For formatting the error, I use ariadne for creating and handling error messages. I had considered miette but finally settled on ariadne. I use thiserror for the routine work of creating library errors. On the other hand, in aspen I use anyhow Since it works great within binaries, while thiserror is for libraries, they both work well together.

Reading the file != data representation

There is a significant difference between reading a file and structuring that data for the purpose of parsing the language versus using it within an interpreter or compiler. A good example of this is that in both VB6 project files and VB6 forms, these files make references to other files rather than containing the data itself. Storing a reference instead of the resource is common with VB6 form resources - BMPs, listbox items, and even references to OCX files and other projects in the case of project group files.

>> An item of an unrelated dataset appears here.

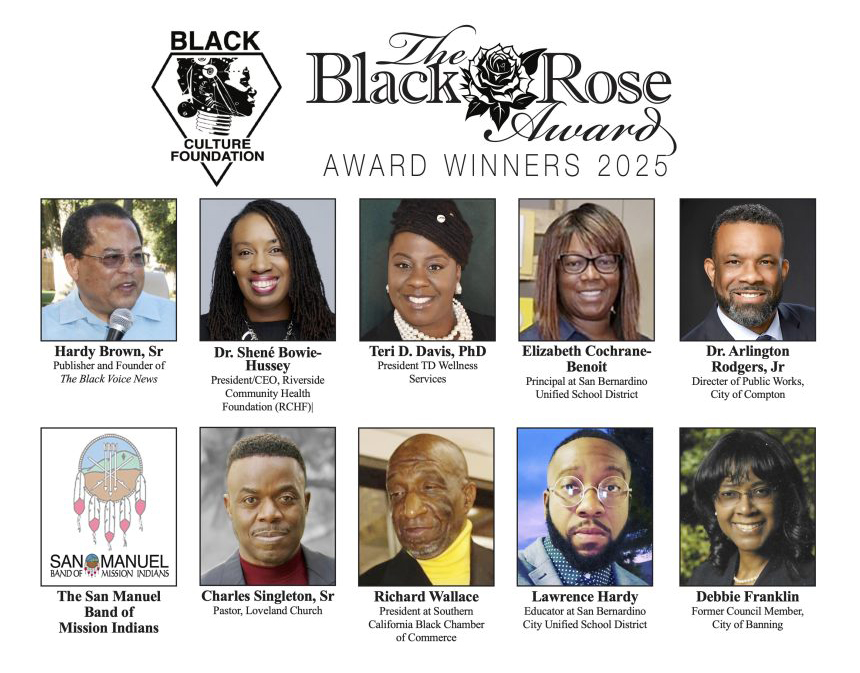 Black Rose Winners and Black History Celebration Announced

In the parser, it would be better to load the references and move on, storing these references for the API’s user to handle things as needed. Unfortunately, I didn’t consider this while designing things and just switched over to handling things directly since I was considering how I would use these same data structures in Aspen to check for missing resources or libraries.

Yet another thing that needs to be handled better in the future. Pulling in these files should mean we have two different formats for these items. Either the data value directly, or a reference to where the resource resides that contains this data. A bit clunkier for users of the API if they want to handle this in an interpreter or what have you, but it makes the parsing significantly easier and far more flexible for tools that don’t care about those resources specifically, which is a primary goal of the project.